Airborne studies of the altitudinal variability of the microphysical structure of small, ice‐free, montanan cumulus clouds

The University of Wyoming's instrumented King Air aeroplane made special multiple‐altitude passes through seven non‐precipitating, essentially ice‐free summertime cumulus clouds, as part of CCOPE, conducted in Montana in 1981. The clouds were found to possess substantial microphysical variability on all detectable scales (down to 2 m) at all levels and distances from cloud boundaries. This was attributed to entrainment of environmental air, and evidence was found for a two‐stage process of turbulent mixing of cloudy and entrained air. Evaporation of the cloud drops was found to occur in a manner consistent with the ‘inhomogeneous mixing’ theory. Generally the clouds were negatively buoyant and more turbulent in the upper regions and in near equilibrium with the environment near cloud base. the normalized liquid water content was found to be roughly independent of altitude.

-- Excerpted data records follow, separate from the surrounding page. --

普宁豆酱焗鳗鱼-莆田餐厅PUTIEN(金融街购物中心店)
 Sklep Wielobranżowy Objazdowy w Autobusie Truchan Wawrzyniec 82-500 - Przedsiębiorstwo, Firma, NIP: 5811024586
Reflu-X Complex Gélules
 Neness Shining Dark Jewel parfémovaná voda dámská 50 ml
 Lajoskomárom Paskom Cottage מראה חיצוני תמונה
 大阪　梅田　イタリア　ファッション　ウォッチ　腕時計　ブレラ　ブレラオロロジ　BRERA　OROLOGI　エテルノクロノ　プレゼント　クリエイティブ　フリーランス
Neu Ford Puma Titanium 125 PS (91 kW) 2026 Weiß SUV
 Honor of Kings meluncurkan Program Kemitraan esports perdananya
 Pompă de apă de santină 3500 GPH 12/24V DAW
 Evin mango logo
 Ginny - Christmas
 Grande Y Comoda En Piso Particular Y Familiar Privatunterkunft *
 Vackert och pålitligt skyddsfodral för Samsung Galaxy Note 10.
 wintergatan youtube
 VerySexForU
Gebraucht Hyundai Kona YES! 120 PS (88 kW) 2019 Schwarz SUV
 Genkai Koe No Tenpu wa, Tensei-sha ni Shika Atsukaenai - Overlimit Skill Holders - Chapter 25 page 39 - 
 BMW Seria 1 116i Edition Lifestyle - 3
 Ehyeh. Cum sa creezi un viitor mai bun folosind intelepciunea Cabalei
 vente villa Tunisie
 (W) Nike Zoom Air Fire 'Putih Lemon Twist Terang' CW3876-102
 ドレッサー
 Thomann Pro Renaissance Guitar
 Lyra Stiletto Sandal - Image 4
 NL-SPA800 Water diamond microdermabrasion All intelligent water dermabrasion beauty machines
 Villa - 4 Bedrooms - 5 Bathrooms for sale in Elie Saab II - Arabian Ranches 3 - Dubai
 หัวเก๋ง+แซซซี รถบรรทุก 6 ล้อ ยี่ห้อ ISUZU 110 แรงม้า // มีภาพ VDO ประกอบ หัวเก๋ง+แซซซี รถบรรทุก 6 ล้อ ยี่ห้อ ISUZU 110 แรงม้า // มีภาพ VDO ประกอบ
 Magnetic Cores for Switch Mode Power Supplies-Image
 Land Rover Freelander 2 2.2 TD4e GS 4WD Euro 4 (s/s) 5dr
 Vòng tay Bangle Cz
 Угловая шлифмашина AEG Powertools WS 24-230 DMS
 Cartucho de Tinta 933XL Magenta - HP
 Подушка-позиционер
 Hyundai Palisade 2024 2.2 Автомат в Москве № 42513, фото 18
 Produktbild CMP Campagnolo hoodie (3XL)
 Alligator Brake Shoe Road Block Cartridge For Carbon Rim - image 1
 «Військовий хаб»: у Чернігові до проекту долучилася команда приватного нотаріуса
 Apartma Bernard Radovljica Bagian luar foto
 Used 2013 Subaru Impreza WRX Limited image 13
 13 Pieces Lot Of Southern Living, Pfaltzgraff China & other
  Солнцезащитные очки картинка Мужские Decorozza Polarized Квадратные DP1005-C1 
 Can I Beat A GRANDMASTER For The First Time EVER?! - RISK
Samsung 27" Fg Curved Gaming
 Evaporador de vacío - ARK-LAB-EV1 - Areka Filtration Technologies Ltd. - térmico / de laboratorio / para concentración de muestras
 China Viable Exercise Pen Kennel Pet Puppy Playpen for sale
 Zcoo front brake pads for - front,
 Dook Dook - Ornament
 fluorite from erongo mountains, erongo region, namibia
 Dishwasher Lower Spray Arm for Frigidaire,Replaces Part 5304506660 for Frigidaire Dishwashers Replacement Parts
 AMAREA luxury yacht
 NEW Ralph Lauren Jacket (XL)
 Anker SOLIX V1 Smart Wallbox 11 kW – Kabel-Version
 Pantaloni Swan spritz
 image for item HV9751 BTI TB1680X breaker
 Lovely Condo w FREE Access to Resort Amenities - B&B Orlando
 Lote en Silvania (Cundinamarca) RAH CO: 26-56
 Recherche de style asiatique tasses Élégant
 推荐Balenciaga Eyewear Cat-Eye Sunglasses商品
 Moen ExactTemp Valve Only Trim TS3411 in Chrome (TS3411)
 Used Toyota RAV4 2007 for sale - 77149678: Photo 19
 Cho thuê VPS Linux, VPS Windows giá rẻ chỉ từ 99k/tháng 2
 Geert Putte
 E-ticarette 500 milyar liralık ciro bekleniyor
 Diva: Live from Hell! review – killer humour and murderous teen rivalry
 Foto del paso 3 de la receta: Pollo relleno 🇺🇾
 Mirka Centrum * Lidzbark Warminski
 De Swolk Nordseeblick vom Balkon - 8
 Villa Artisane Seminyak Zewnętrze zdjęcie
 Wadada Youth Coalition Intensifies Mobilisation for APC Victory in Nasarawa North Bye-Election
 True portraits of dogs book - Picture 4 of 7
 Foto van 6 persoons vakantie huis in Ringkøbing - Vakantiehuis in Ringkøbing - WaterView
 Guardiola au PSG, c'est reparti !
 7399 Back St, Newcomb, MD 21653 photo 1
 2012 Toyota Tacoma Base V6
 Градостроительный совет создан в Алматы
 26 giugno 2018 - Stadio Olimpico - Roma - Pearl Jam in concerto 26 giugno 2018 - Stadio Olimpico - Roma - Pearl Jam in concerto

Four of the clouds studied were found to contain embryonic raindrops (diameter 40 to 190 μm) in concentrations around 10 to 10001 −1 . Calculations and analysis showed that these particles could not have been formed in adiabatic clouds of the same base‐temperatures and depths, nor could they have been formed on ‘giant nuclei’. Their presence was shown to be explicable in terms of the ‘extreme inhomogeneous mixing’ model of accelerated growth. This mechanism also appears to offer an explanation for the small concentrations (≈0.1 m −3 ) of millimetric‐sized drops, shown in dual‐polarization studies often to be initiatory to substantial cloud development.